Welcome to THE MAKING OF A NATION – American history in VOA Special English.
Eighteen sixty was a year of mixed feelings of hope and fear.
Americans had hope for the future, because they would be electing a new president. But they had fear that even a new president could not hold the nation together. The states of the South were very close to leaving the Union over the issue of slavery.
This week in our series, Tony Riggs and Frank Oliver talk about the candidates and the issues in the election of 1860.
After four years as president, James Buchanan decided not to run again. Buchanan was a Democrat. His party, like the nation, was split over slavery. Southern Democrats wanted the party to support slavery. Northern Democrats refused.
The opposition Republican Party expected to gain votes from dissatisfied Democrats.

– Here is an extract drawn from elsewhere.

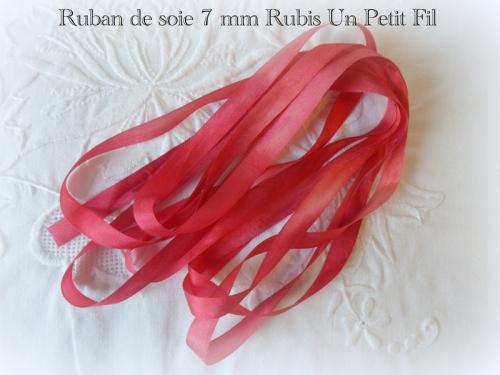 Ruban de soie 7 mm rubis un petit fil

Republicans had become stronger since the last presidential election in 1856. They felt their candidate would win in 1860.

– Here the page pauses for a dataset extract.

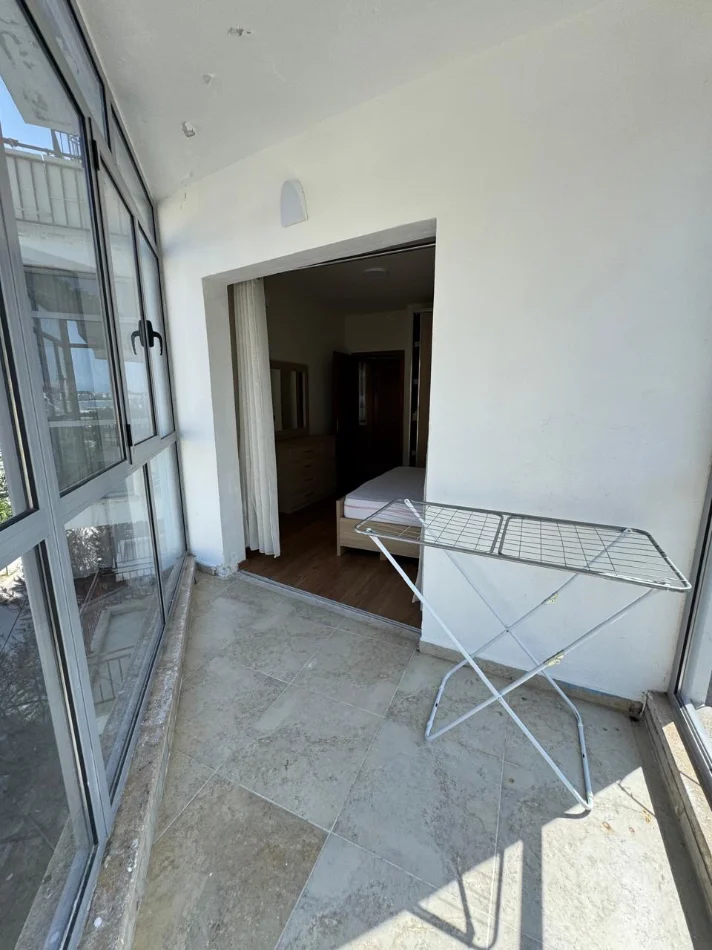 Shengjin, jepet me qera apartament 1+1+Aneks+Ballkon Kati 3, 50 € (Rruga kryesore)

The Democratic nominating convention opened in April in Charleston, South Carolina. Senator Stephen Douglas of Illinois was the leading candidate. He had the support of a majority of convention delegates. But he did not have the two-thirds majority needed to win the nomination.

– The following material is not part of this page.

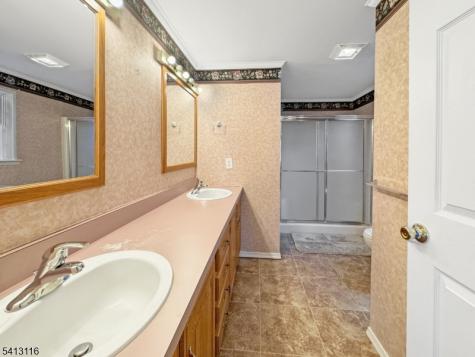 3 Stonehill Lane White NJ 07823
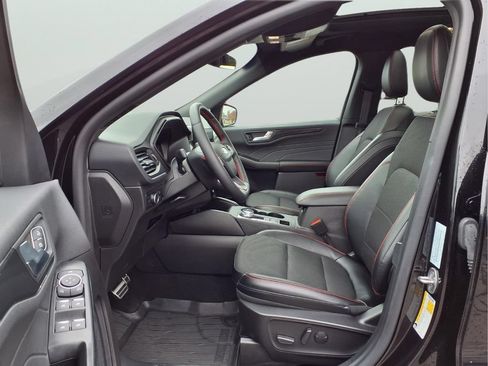 Used 2024 Ford Escape ST-Line w/ Tech Pack #1 AWD/4WD image 13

Many Southern Democrats did not like Stephen Douglas. Some did not trust him. Others did not accept his policies on slavery. Douglas did not oppose slavery or the spread of slavery. However, he said no federal law could make slavery legal in a territory where the people did not want it. This was his policy of "popular sovereignty."
The Southern Democrats who opposed Stephen Douglas were led by William Yancey of Alabama. Yancey wanted to get a pro-slavery statement into the party's platform. He was sure Douglas would not accept the nomination based on such a platform.
If Yancey failed to get the statement he wanted, he would take Southern Democrats out of the convention. And out of the party.
The committee on resolutions considered three platforms. One platform declared that the people of a territory had the right to decide if slavery would be legal or illegal. The second declared that the Supreme Court had that right. And the third declared that no one did -- that slavery was legal everywhere.
William Yancey spoke to the convention in support of the pro-slavery platform. He said pro-slavery Democrats did not want to destroy the union. But he said someone had to make clear to anti-slavery Democrats that the union would be dissolved if the constitutional rights of slave owners were not honored.
Yancey spoke of the danger of a great slave rebellion. He described it as a sleeping volcano that threatened the lives, property, and honor of the people of the South. He said the actions of the North might cause that volcano to explode.
Another convention delegate answered Yancey's speech. He said Northern Democrats were tired of defending the interests of the South. "Now," he said, "Yancey tells us we must agree that slavery is right. He orders us to hide our faces and eat dirt. Gentlemen of the South," he said, "you mistake us. We will not do it!"
In this atmosphere of tension, it was clear that a pro-slavery platform would not be approved. The Alabama delegation announced that, therefore, it must withdraw. The delegations from the other six states of the Deep South -- Arkansas, Florida, Georgia, Louisiana, Mississippi, and Texas -- did the same.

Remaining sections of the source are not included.